Earnings for NIC purposes include any remuneration or profit from employment, calculated according to regulations.

Social Security Contributions and Benefits Act 1992, section 3

Regulation 22A treats certain payments as earnings in connection with qualifying vehicle use (RME - QA).

Social Security (Contributions) Regulations 2001, regulation 22A

Paragraph 7A disregards the qualifying amount (QA) from earnings, calculated according to regulation 22A(4).

Social Security (Contributions) Regulations 2001, Schedule 3, paragraph 7A

Determining whether payments are earnings involves assessing whether they constitute a profit arising from employment (Donnelly v Williamson).

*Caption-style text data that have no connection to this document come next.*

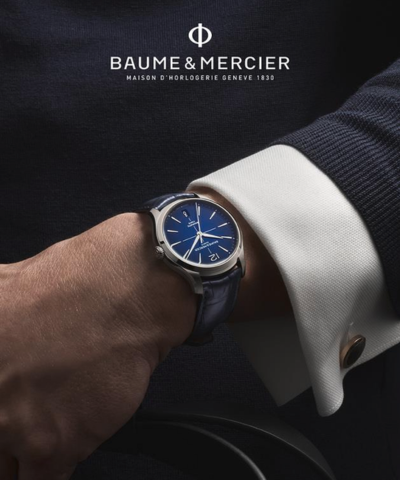 A hand with a watch on the wrist with text Baume and Mercier.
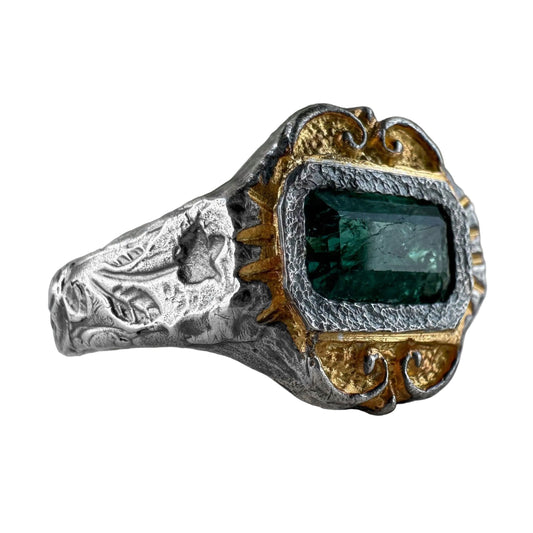 Silver and gold ring with a green gemstone on a white background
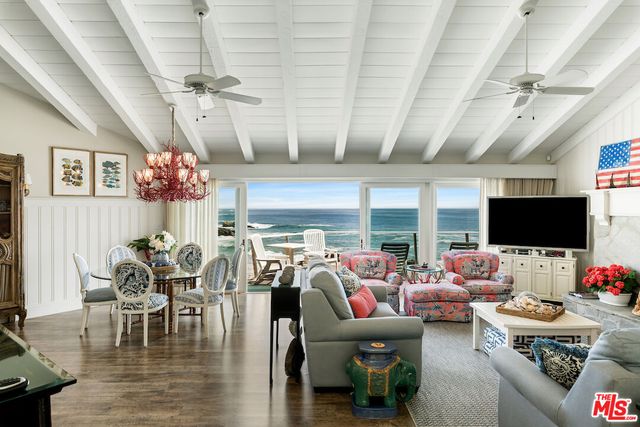 a living room with furniture chandelier and a large window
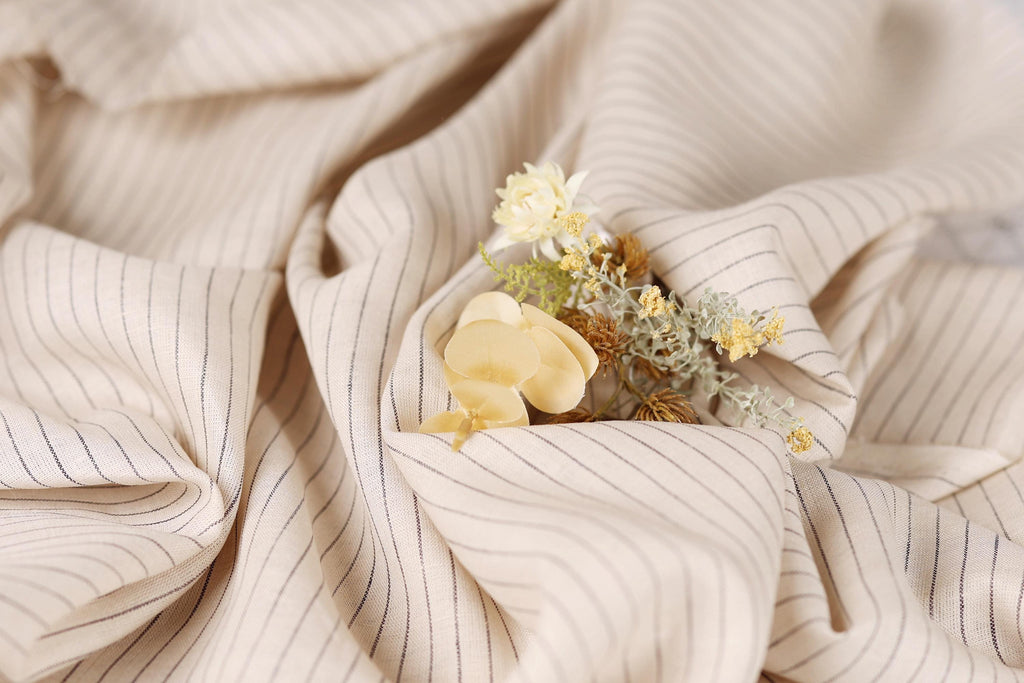 A close-up view of a fabric with a floral arrangement of yellow and white flowers resting on it.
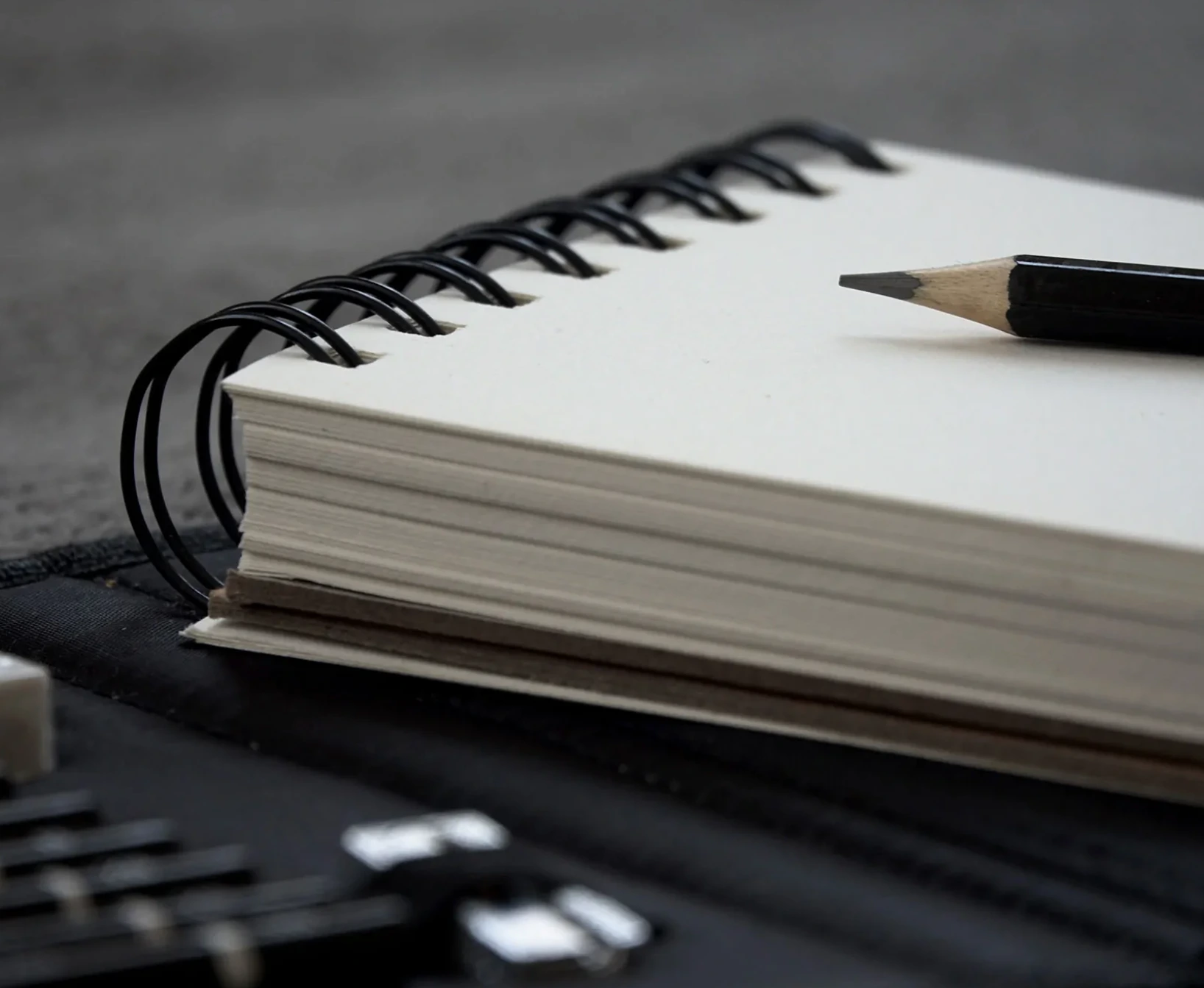 Spiral notepad with pencil – note-taking technique in consecutive interpreting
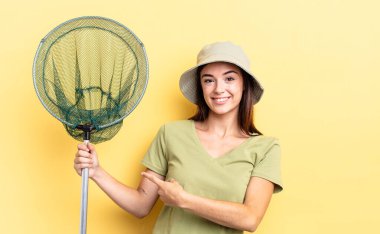 Genç İspanyol kadın neşeyle gülümsüyor, mutlu hissediyor ve balık ağı kavramını işaret ediyor.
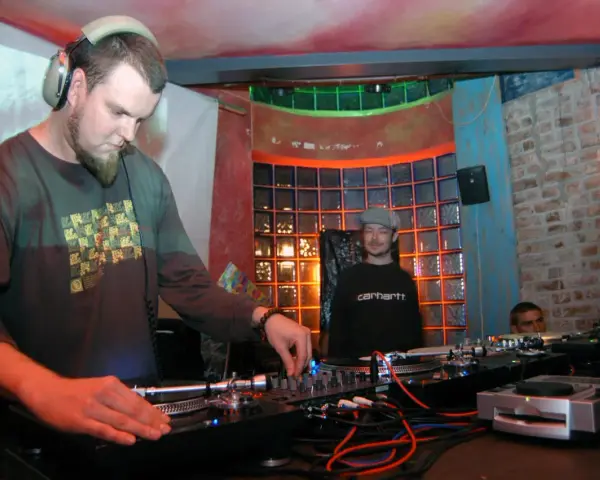 DJ Maceo Wyro w akcji, miksuje muzykę w klubie. W tle widać innych DJ-ów i kolorowe oświetlenie.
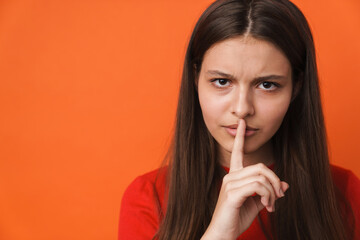 Fototapeta premium Young white brunette woman showing silence gesture at camera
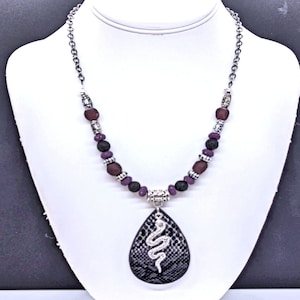 May include: A silver chain necklace with a black and silver snake pendant. The necklace is made with purple and black beads.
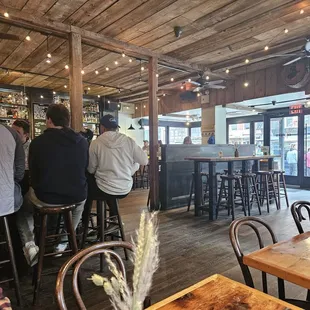 people sitting at the bar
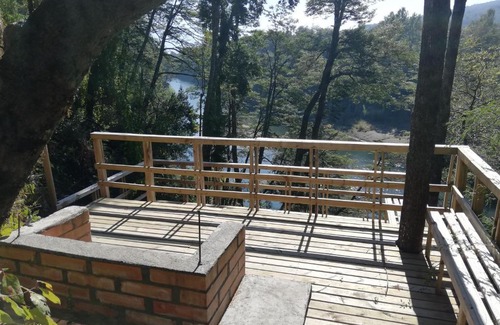 Pucon House | Wonderful rustic cabin 2, with native logs, on the banks of the Trancura River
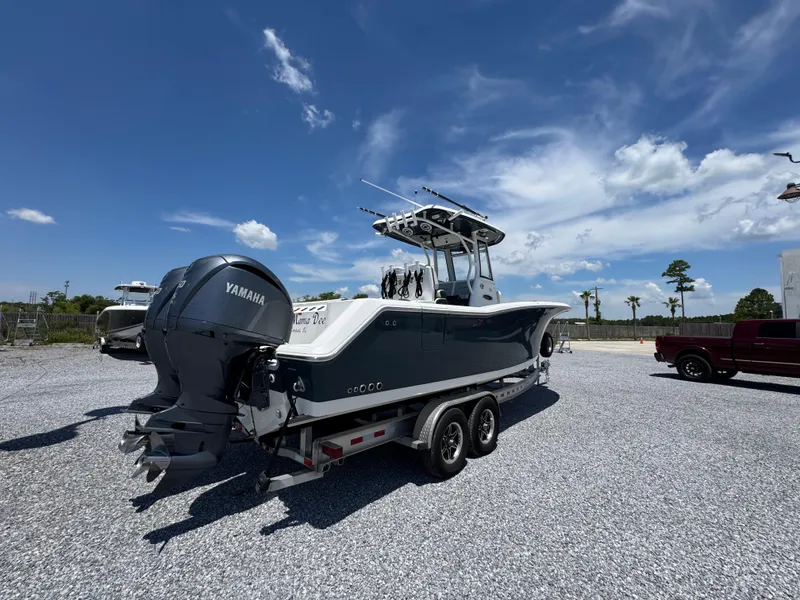 Slide: The Image of 2023 Tidewater 282 CC Adventure Bluewater boat on trailer under clear sky. - 17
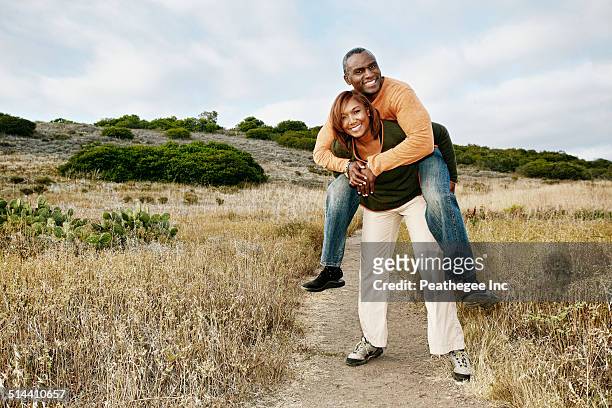 black couple playing on rural path - piggyback stock pictures, royalty-free photos & images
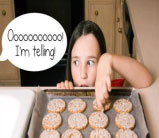 Picture of girl taking a cookie - Oooooo I'm telling!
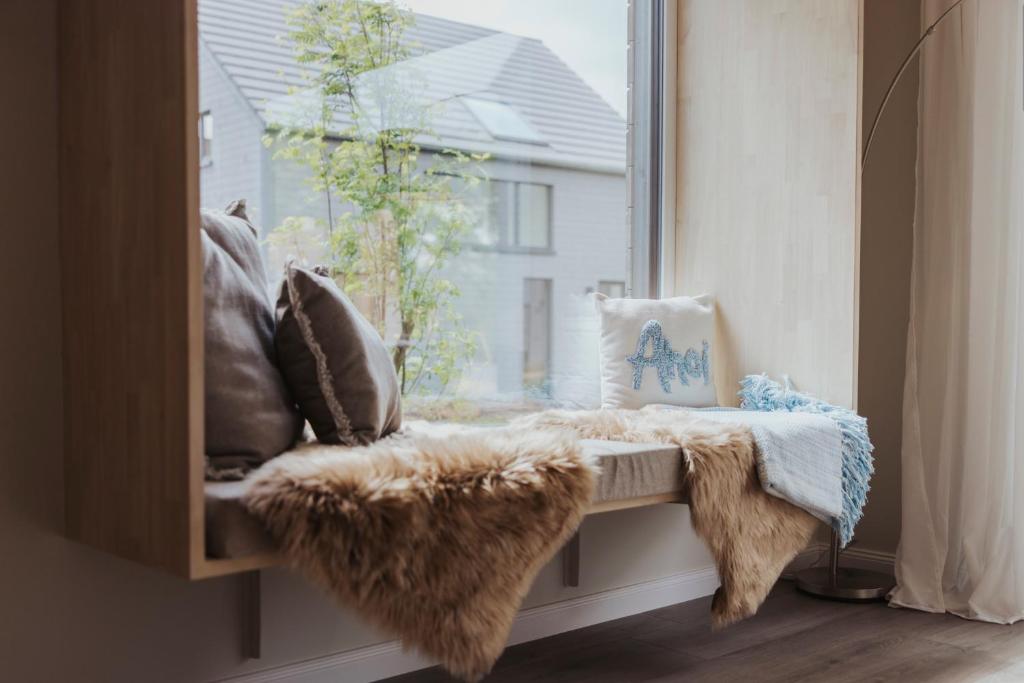 a window seat with a blanket and pillows at "Rügen Resort Sagard" großzügiges, gemütliches Familienhaus "Jördis" mit Terrasse in Sagard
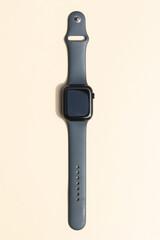 Black Smartwatch Resting on Minimal Beige Background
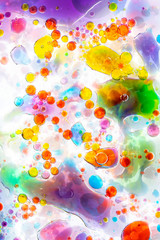 Planet Looking Bubbles of Coloured Water on Oil Fantasy Background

Case law: Donnelly v Williamson

Statutory interpretation requires consideration of the provision's purpose, context, and relationship with other provisions (Hurstwood Properties Limited v Rossendale BC).

Case law: Hurstwood Properties Limited v Rossendale BC

Outcomes

Laing's appeal allowed.

The FTT erred in narrowly defining 'relevant motoring expenditure' (RME). The car allowances, while not mileage allowance payments under ITEPA 2003, were RME under regulation 22A(3)(c) because they were 'in respect of the use' of a vehicle, even if not directly linked to actual mileage. The court found that Laing's payments were made to employees who did undertake business mileage.

HMRC's appeal in the Willmott case dismissed.

The FTT correctly held that Willmott's car allowances were RME under regulation 22A(3)(c) as they ensured employees had vehicles available for business use. The fact that some employees did not use the car for business purposes is irrelevant. The QA is disregarded under paragraph 7A.